Daisy007girl · Answer 3 · Wed Jul 31 2019 18:27:05 GMT+0800 (China Standard Time)

Have you tried the code which you thought it should be? Have it brought any improvement to the result compared to the github author's ?

Xavier31 · Answer 4 · Tue Dec 08 2020 00:26:14 GMT+0800 (China Standard Time)

Hi !
@GuardSkill shouldn't it be mean instead of sum in the total_variation_loss function ?

loss = torch.mean(torch.abs(colomns_in_Pset*(image[:, :, :, 1:] - image[:, :, :, :-1]))) + \ torch.mean(torch.abs(rows_in_Pset*(image[:, :, :1 :] - image[:, :, -1:, :])))

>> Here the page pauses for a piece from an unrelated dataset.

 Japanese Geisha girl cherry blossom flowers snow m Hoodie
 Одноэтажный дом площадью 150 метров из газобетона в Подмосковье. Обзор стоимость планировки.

Flavio Giobergia · Answer 5 · Wed Mar 09 2022 00:47:59 GMT+0800 (China Standard Time)

I would argue that, while not the same exact loss as the one proposed in the paper (L_tv), the total_variation_loss() implemented here should behave in just the same way.

Both total_variation_loss() and L_tv are computed on I_comp (output_comp in the code) and not I_out (output), which contains:

the ground truth image I_gt (input) in the unmasked part
the reconstructed image I_out in in the masked part

Since the ground truth image does not change with I_out, it means that all 1-pixel shifts outside of the mask will always result in the same total variation, outside of the masked region. Inside of the masked region (as well as around the 1-pixel dilation of the mask) the TV loss will instead depend on I_out.

As such, the loss implemented here is L_tv + constant: the two functions thus share the same gradient.

It also seems to me that the current implementation is slightly more efficient, as it does not require computing the dilated mask, nor mask the image.